— What is required —
Reproduce the listing below word for word.

— Data section —
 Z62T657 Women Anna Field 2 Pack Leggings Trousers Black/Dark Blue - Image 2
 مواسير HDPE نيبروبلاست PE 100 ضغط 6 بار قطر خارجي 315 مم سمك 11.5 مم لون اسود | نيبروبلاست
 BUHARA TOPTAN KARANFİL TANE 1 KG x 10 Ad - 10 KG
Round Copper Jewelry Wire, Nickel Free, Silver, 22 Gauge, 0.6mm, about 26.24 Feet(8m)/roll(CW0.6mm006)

— Your response —
 Z62T657 Women Anna Field 2 Pack Leggings Trousers Black/Dark Blue - Image 2
 مواسير HDPE نيبروبلاست PE 100 ضغط 6 بار قطر خارجي 315 مم سمك 11.5 مم لون اسود | نيبروبلاست
 BUHARA TOPTAN KARANFİL TANE 1 KG x 10 Ad - 10 KG
Round Copper Jewelry Wire, Nickel Free, Silver, 22 Gauge, 0.6mm, about 26.24 Feet(8m)/roll(CW0.6mm006)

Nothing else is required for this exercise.